#### Your objective
Write out all of the records precisely. Skip anything that is a picture.
[Opening Given entries section]
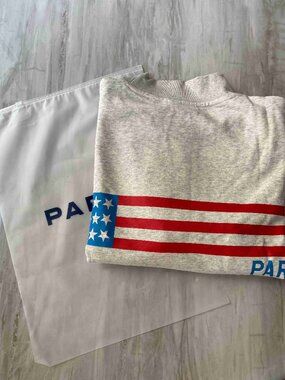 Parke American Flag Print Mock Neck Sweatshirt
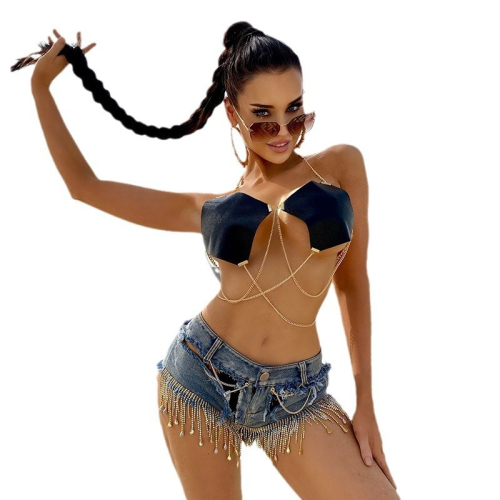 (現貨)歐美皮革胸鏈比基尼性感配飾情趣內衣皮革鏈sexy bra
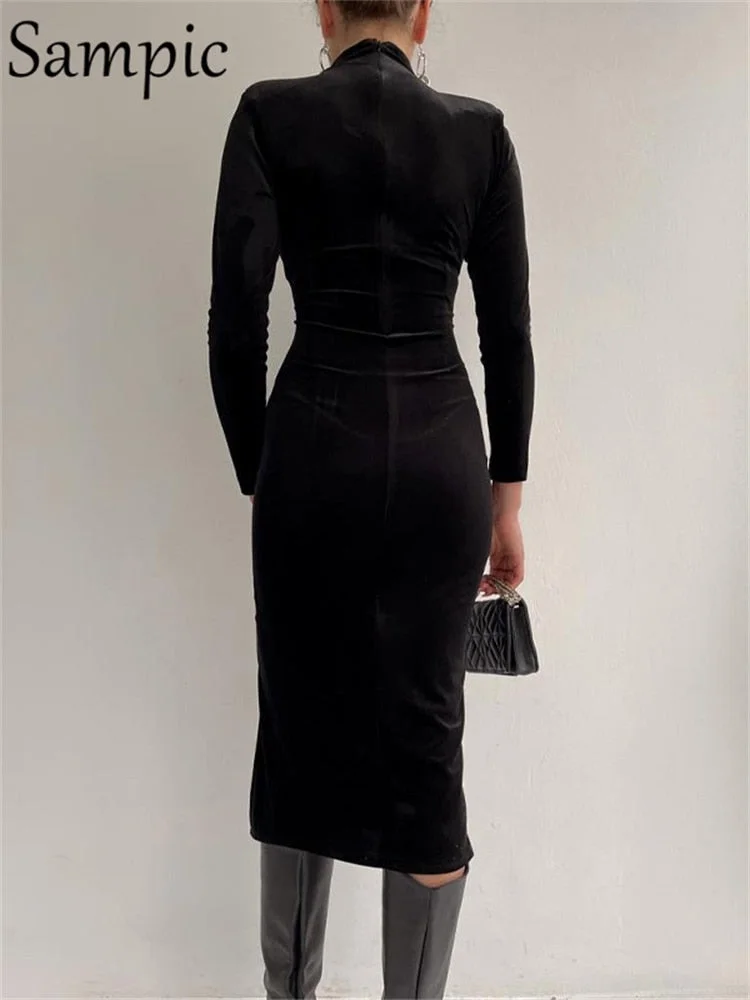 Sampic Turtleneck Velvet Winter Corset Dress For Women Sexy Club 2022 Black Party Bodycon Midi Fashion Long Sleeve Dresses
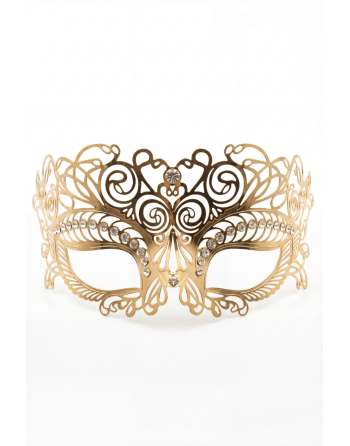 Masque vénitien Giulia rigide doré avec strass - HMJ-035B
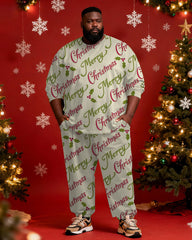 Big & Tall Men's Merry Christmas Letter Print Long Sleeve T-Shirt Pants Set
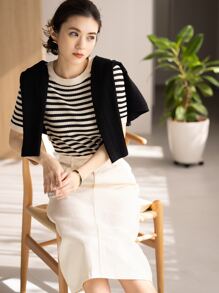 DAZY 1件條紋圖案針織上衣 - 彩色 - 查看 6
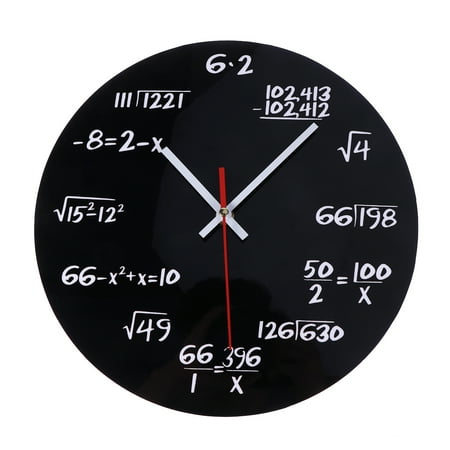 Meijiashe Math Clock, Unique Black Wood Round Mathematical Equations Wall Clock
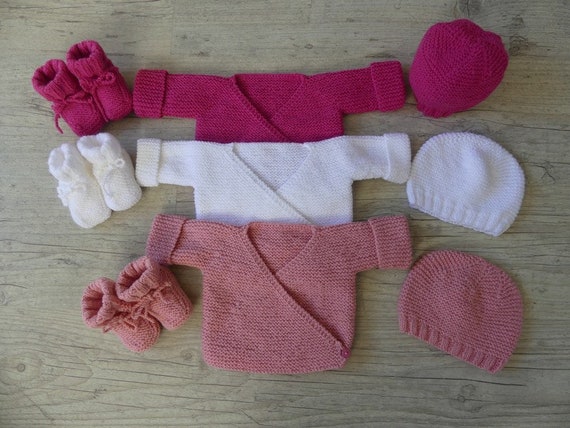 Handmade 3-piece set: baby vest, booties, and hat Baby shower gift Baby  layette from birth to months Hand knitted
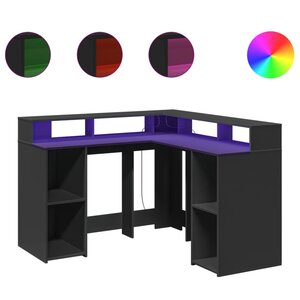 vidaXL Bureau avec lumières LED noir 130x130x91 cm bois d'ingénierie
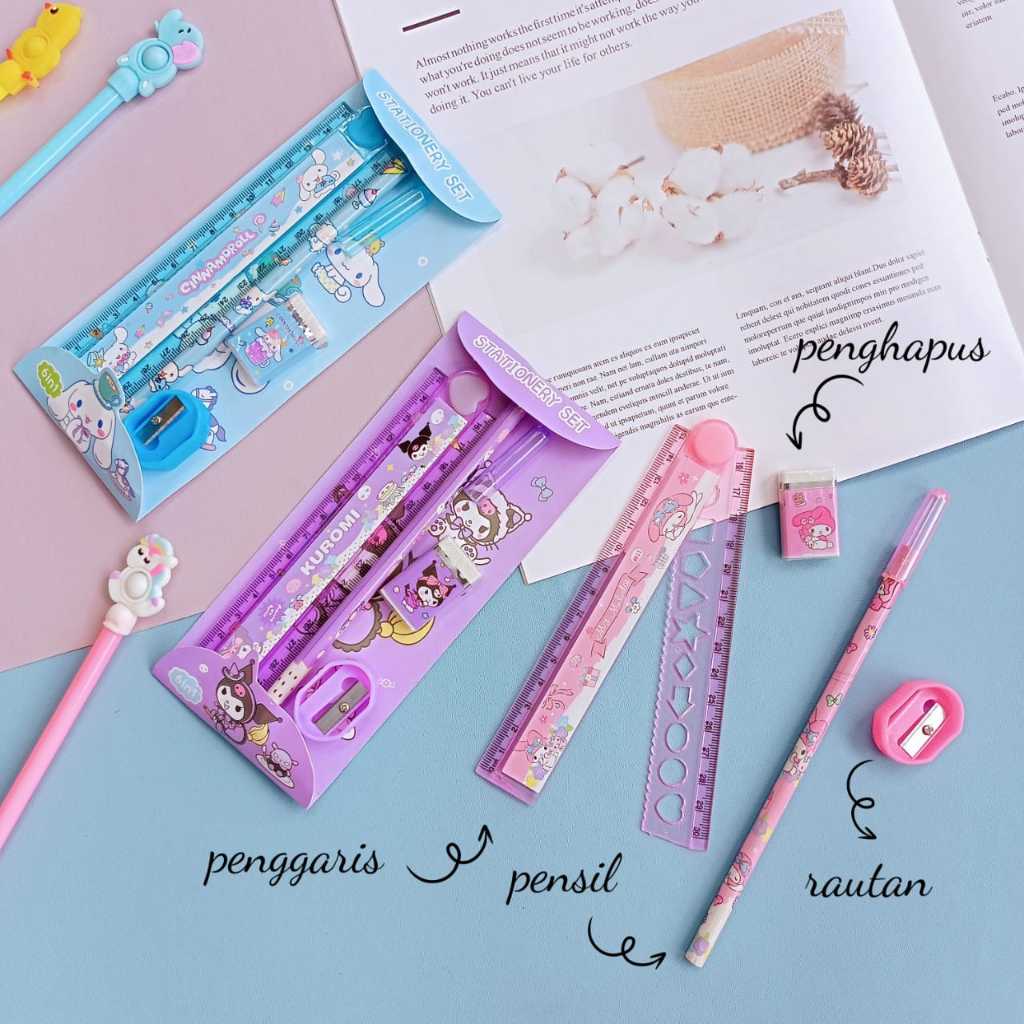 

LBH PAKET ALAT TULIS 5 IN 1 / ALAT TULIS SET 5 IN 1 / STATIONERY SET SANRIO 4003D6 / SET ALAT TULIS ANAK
[Closing Given entries section]
#### Response below
 Parke American Flag Print Mock Neck Sweatshirt
 (現貨)歐美皮革胸鏈比基尼性感配飾情趣內衣皮革鏈sexy bra
 Sampic Turtleneck Velvet Winter Corset Dress For Women Sexy Club 2022 Black Party Bodycon Midi Fashion Long Sleeve Dresses
 Masque vénitien Giulia rigide doré avec strass - HMJ-035B
 Big & Tall Men's Merry Christmas Letter Print Long Sleeve T-Shirt Pants Set
 DAZY 1件條紋圖案針織上衣 - 彩色 - 查看 6
 Meijiashe Math Clock, Unique Black Wood Round Mathematical Equations Wall Clock
 Handmade 3-piece set: baby vest, booties, and hat Baby shower gift Baby  layette from birth to months Hand knitted
 vidaXL Bureau avec lumières LED noir 130x130x91 cm bois d'ingénierie

LBH PAKET ALAT TULIS 5 IN 1 / ALAT TULIS SET 5 IN 1 / STATIONERY SET SANRIO 4003D6 / SET ALAT TULIS ANAK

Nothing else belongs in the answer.